God has decreed whatsoever comes to pass. And in his providence, he fulfills that decree. Reformation Covenant Church’s statement number two of our confessional statement says, “We believe that God has declared himself to be and is absolute sovereign over all his creation. We believe that he has decreed whatsoever comes to pass and that he in his providence upholds and sustains all things and effects his decree.” That’s our confessional statement. That’s what we believe.

I got a little book at home, “What’s a Reformed Church?” Well, one of the first things it talks about is the sovereignty of God. A reformed church is a church that believes in the sovereignty of God as we’re talking about it this morning. God forbid that the children of this church end up in churches that do not affirm the sovereignty of God. That would be a disaster from my perspective. That’s what we don’t want. It is fundamental to the Christian faith. Our view of who God is fundamental to our Christian life. And the scriptures over and over again declare that God is sovereign, absolutely sovereign.

We built we kind of paraphrase the Westminster Confession of Faith in our confessional statement. Let me read from it. These are this is the historic document produced in the 17th century to define what the Christian faith is all about, what reformed theology is. Chapter 3 is on God’s eternal decree. We read this:

“God from all eternity did by the most wise and holy counsel of his own will freely and unchangeably ordain whatsoever comes to pass. Yet so as thereby, neither is God the author of sin, nor is violence offered to the will of the creatures, nor is the liberty or contingency of second causes taken away, but rather established.”

This is a deep truth. But if you meditate on this, how else could man have choice apart from the ordination of God? If we were just sort of created in the context of an environment, we’d be controlled by that thing unless the Lord God established our choice. So he actually establishes the will of mankind by his ordination.

Paragraph two of this says, “Although God knows whatsoever may or can come to pass upon all supposed conditions, so he has omniscience, he knows yet has he not decreed anything because he foresaw it as future? or as that which would come to pass upon such conditions. God’s decree is not contingent upon what men will end up doing. No conditions.

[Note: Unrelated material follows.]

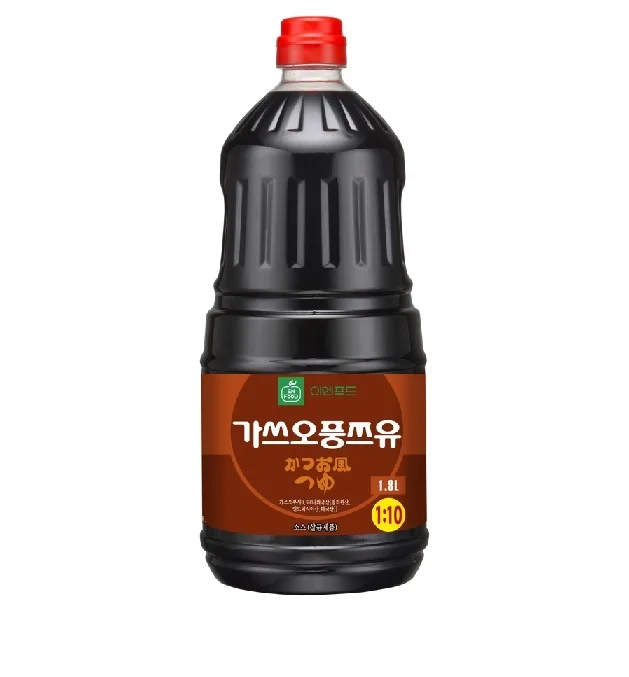 Wholesale Manufacturers Japanese basic sauce Light Soy Sauce Sweet Worchestershire Sour Seasoning Soya Sauce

“You see, three: ‘By the decree of God for the manifestation of his glory. So they’re saying if you don’t believe this, if you teach contrary to it, if your life lives like you live your lives contrary to it, you’re diminishing the glory of God. For the manifestation of his glory. Some men and angels are predestined unto everlasting life and others for ordained to everlasting death.’ This is the orthodox faith once delivered. This is the faith of the early ecumenical councils of the church in the first five centuries of the church. This is the faith declared by the Westminster divines. This is the faith that is declared by the Canons of Dort, which we’ll be discussing for a while.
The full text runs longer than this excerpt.